I need to prove the following result
Let $p$ and $q$ be 2 different primes. There isn´t any homomorphism from $\mathbb{Z}_p$ to $\mathbb{Z}_q$ or from $\mathbb{Z}_q$ to $\mathbb{Z}_p$
What I've done:
Suppose that exists an homomorphism $f : \mathbb{Z_q} \rightarrow \mathbb{Z_p} $ then $f (1) = 1$ so
$\underbrace{1+1+1\cdots+1\,}_\text{$q$ times} = \underbrace{f(1)+f(1)+f(1)\cdots +f(1)\,}_\text{$q$ times} = f(\underbrace{1+1+1\cdots +1\,}_\text{$q$ times}) = f(0) = 0$
So the left sum should be $0$ in $\mathbb{Z_p}$ but since $p \nmid q $ this is not true so we have a contradiction.
I think my proof isn´t correct because I've not used that $p$ and $q$ are primes, I've just used that they don´t divide to each other
For clarity, I'll denote by $0_k$ and $1_k$ the zero and unit element in $\mathbb{Z}_k$.
Your proof is actually correct. Indeed, you have $$ q1_p=qf(1_q)=f(q1_q)=f(0_q)=0_p $$ which is a contradiction, because it is known that $n1_k=0_k$ if and only if $k\mid n$.

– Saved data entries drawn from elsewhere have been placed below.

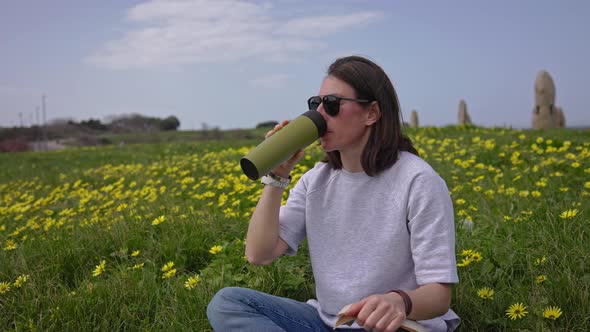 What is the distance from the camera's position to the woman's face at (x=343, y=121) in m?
1.74

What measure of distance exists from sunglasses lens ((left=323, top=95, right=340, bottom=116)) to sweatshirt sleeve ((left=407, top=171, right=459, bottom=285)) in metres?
0.34

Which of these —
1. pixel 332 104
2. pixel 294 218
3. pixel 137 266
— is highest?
pixel 332 104

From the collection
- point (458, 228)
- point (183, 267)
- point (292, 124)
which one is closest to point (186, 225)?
point (183, 267)

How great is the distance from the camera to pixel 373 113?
5.80ft

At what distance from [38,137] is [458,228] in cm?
3452

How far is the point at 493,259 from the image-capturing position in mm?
2678

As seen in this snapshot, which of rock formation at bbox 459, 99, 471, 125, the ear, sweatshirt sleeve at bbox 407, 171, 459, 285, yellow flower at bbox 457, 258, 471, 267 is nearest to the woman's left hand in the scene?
sweatshirt sleeve at bbox 407, 171, 459, 285

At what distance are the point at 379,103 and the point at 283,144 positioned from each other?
367 mm

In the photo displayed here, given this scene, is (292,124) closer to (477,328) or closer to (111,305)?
(477,328)

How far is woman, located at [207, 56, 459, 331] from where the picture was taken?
1.63 m

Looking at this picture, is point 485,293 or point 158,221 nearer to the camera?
point 485,293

You don't have used the “full force” of the hypothesis about $p$ and $q$ being primes and indeed it's not needed. The only fact needed in order to state that there is no ring homomorphism $\mathbb{Z}_k\to\mathbb{Z}_h$ is that $k\nmid h$, with exactly the same argument: $$ k1_h=kf(1_k)=f(k1_k)=f(0_k)=0_h $$ which is impossible if $h\nmid k$.
Using primality would allow for a different proof. The image of $f\colon\mathbb{Z}_q\to\mathbb{Z}_p$ is an additive subgroup of the codomain having order a divisor of $q$. Thus the image can only have order $1$, so it cannot be a subring.